Everything is networking these days — from cameras to card readers, computers to cash registers, it seems our whole world is networked.

How about you? Are you networked?

Let me explain. Most of us know about our personal network — a loose consortium of family, friends and business acquaintances. We’re mindful of where people are in their careers and some of us are careful to keep our contact list up to date so we can keep in touch. But few of us actively work our networks, except for when we’re ready to make a career change. If you’ve got that mindset, you could be making a terrible mistake.

Within your group of contacts is the answer to almost any question you would care to ask. Remember: you’re not just relying on your contacts, but their contacts as well. There are thousands of people at your disposal with a collective pool of relevant knowledge that dwarfs the Internet. They have something that the ’Net sorely lacks: experience and perspective.

Imagine that you’re looking for a new battery-powered video test monitor to calibrate cameras that you’re installing. You certainly wouldn’t search the Internet — even searching for the specific string “Video Test Monitor” brings up more than 200 hits. Searching without quotes (allowing the words to be in a different order) brings up more than 10 million hits. Clearly that won’t work.

The only answer is to go through your network, asking folks you know for a specific recommendation. This is an unbiased response based on the experiences of someone you know and trust.

Establishing Your Network
How do you build this network? Some people are fortunate that they remember the names and professions of everyone they meet, but if you’re like me it doesn’t come that easy. I put virtually every contact I make into a database and add a few categories for profession, where I met them, the line of work they’re in and so on.

My other goal is to keep these contacts fresh by speaking with or E-mailing folks at least once a year or so. Even with pulling out contacts that I haven’t stayed in touch with, my database routinely has in excess of 1,400 contacts, which gets expensive around the holidays but is well worth it.

If you’d like to do this more formally, there are numerous Internet services that structure your network for you.

One free service, Linkedin (, allows you to enter your contact information, invite associates and friends to join and link to other users of the service. You can view people who are linked to your links, but you can’t contact them directly without a referral from a person who is linked directly to you. This is a great tool for finding people in specific professions or companies.

Another great thing about using your network to solve problems is that your contacts will start using you as a part of their own networks. People will call you to “pick your brain” on one topic or another, and that will strengthen your link to them the next time you need something.

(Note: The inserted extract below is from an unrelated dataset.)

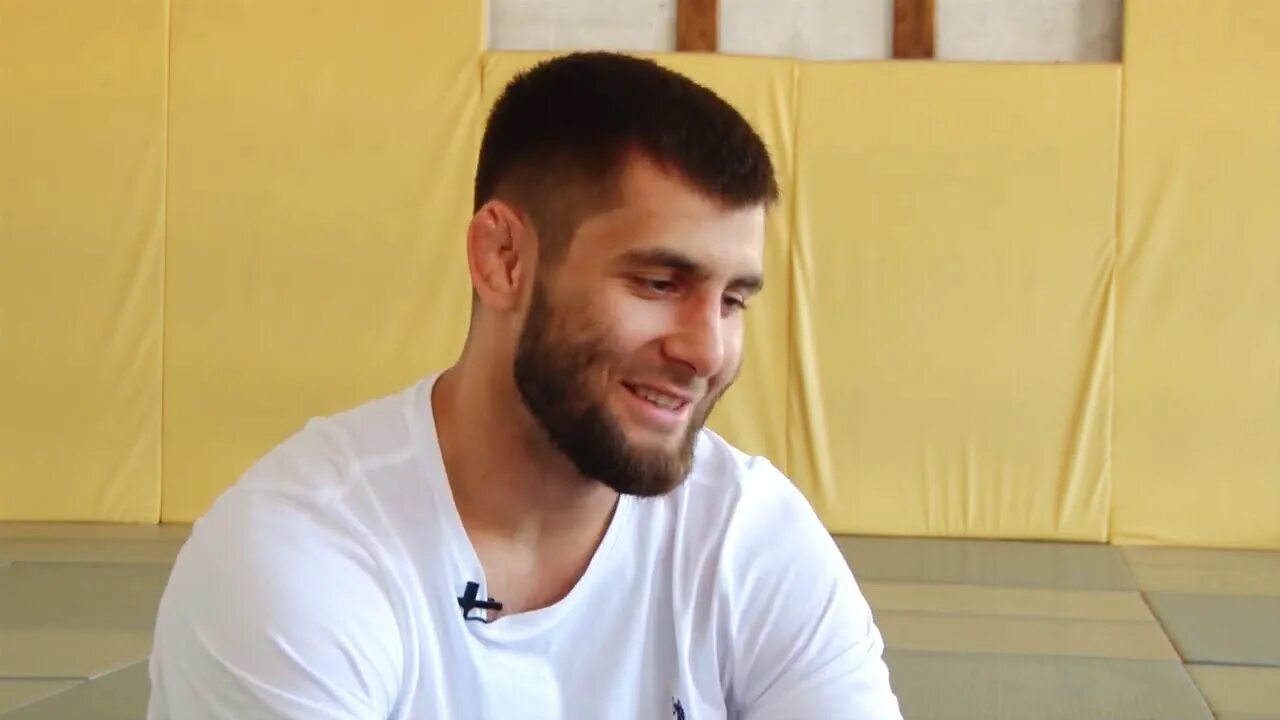 Муртазали муртазалиевич. Абдурахманхаджи шамильевич муртазалиев. муртазалиев курамагомед. абдурахманов абдурахман.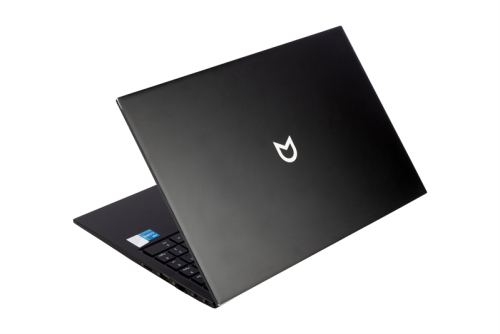Ноутбук IRBIS 15NBP3504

Balance Networking and Work
The only concern I ever hear about this topic is “where do I draw the line?” Clearly, we’re all busy with our day jobs and have a limited amount of time to chat with friends and dispense free advice. Knowing how much time can be spent networking and what this time should entail is essential in managing this segment of your life and career. I use two filters:

I will spend as much time on my network as it saves me.
If calling my contacts and asking questions saves me three or four hours a week in research, that’s the minimum amount of time I’ll set aside for networking functions. Remember, time management can help you here as well. Consider calling people back at a more convenient time, such as during your commute, or before or after normal work hours for folks in other time zones.

Stick to verbal communication.
Since I’m a consultant and I charge for my time, I needed a way to separate friends asking for advice from paying clients. My solution: I’ll give verbal help, or pass on a phone number if appropriate, but I rarely write reports, E-mails or provide a written opinion. It limits the amount of follow-up time needed for these calls and seems to work for everyone. You’ll come up with some limits that work in your profession, and it’s important that no one feels that they’re being taken advantage of.

By working your personal network, you’ll be more effective and have an army of volunteer “consultants” at your disposal. All it takes is the time involved and being there for them when needed. And if you find that you are ready to make that career change, you’ll be calling people who owe you a favor or two, which sure can’t hurt!